The dataset covers 146,305 projects across 21 agencies and 39 programs, representing $11.59 billion in total funding and 112.7 million metric tons of GHG reductions.
Project Structure
california-equity-git/
├── run_cci_analysis.py # Main entry point — orchestrates full workflow
├── cci_analyzer.py # CCIDataAnalyzer class (data loading/cleaning)
├── cci_collaboration_analysis.py # Collaboration pattern analysis
├── research_analysis_script.py # Research question analysis
├── regional_analysis_script.py # Regional distribution analysis
├── collaboration_detection_script.py # Collaboration pattern detection
├── data_cleaning_script.py # Data cleaning utilities
├── 01_analyzer.ipynb # Interactive Jupyter notebook
│
├── data/
│ └── cci_programs_data_reduced.csv # Processed dataset (~40MB)
├── data_raw/
│ └── cci_programs_data.csv # Original CCI dataset (~242MB)
│
├── california_enviroscreen/ # CalEnviroScreen 4.0 data (geodatabase + shapefiles)
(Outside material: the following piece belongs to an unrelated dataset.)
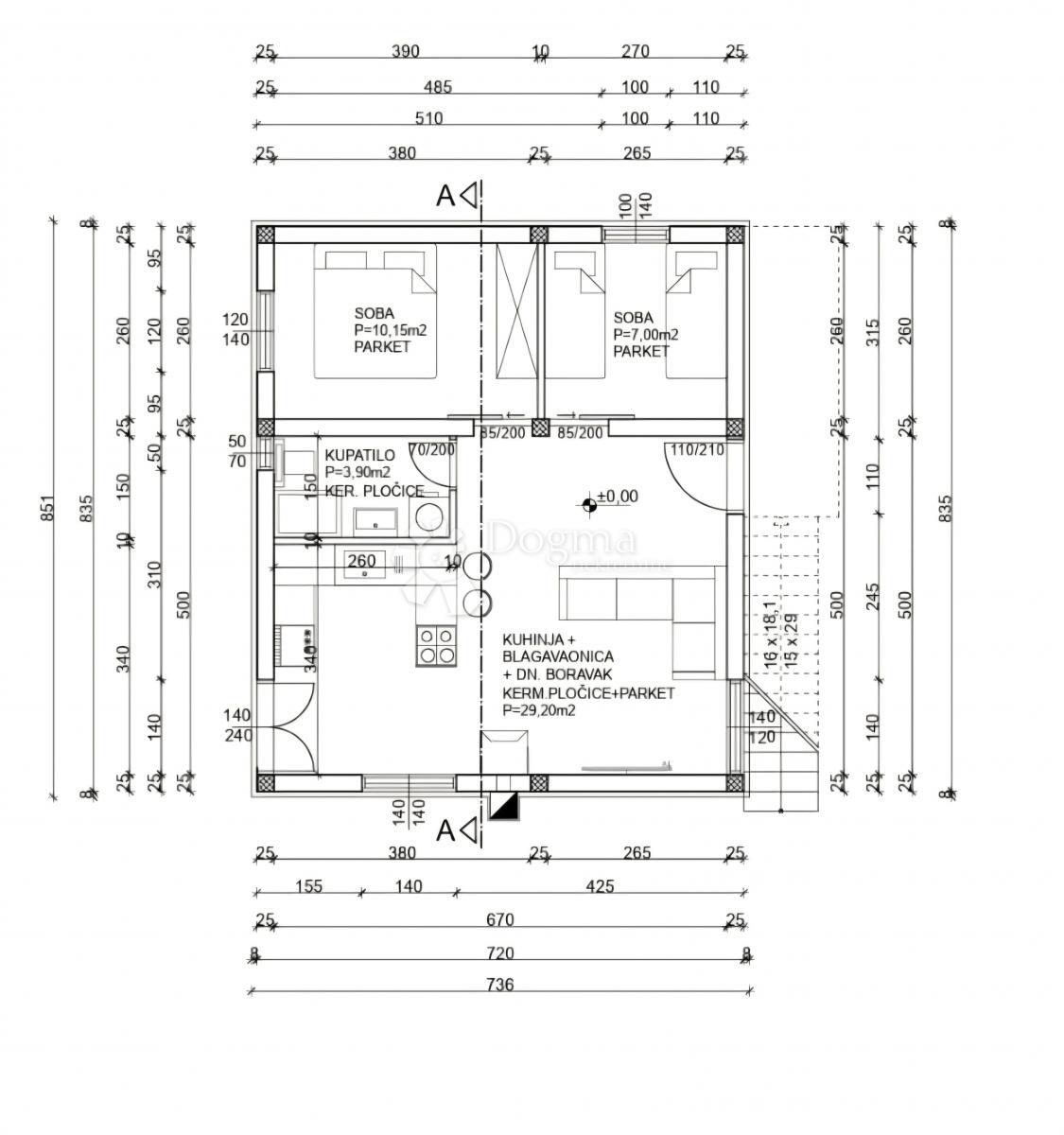 Zemljišče Vezac, Primošten, 311m2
├── assembly_district_shapefile/ # CA State Assembly Districts 2020 shapefiles
│
└── output/ # Generated analysis outputs and visualizations
Tech Stack
- Python 3.12+
- pandas / numpy — data manipulation
- matplotlib / seaborn — visualization
- geopandas / shapely / pyproj — geospatial analysis
- scipy — statistical testing
- scikit-learn — data preprocessing
Setup
# Clone the repo
git clone <repo-url>
cd california-equity-git
# Create and activate a virtual environment
python3 -m venv .venv
source .venv/bin/activate
# Install dependencies
pip install pandas numpy matplotlib seaborn geopandas shapely pyproj scipy scikit-learn
Usage
Run the full analysis pipeline:
python run_cci_analysis.py --data_path data/cci_programs_data_reduced.csv --output_dir output
Optional flags:
| Flag | Description |
|---|---|
--skip_cleaning |
Skip data cleaning step (use pre-cleaned data) |
--skip_analysis |
Skip collaboration analysis step |
--skip_research |
Skip research question analysis |
Pipeline stages:
- Data cleaning — standardizes columns, parses dates, extracts coordinates, calculates derived metrics
- Collaboration analysis — identifies multi-agency programs and collaboration patterns
- Research analysis — answers core research questions with statistical tests and visualizations
Output files (charts, CSVs, summaries) are written to the --output_dir directory.
Data
Primary Dataset
- Source: California Climate Investments Open Data Portal
- File:
data_raw/cci_programs_data.csv(242MB) /data/cci_programs_data_reduced.csv(40MB processed)
Supplementary Data
- CalEnviroScreen 4.0 — used to identify and score disadvantaged communities (DACs)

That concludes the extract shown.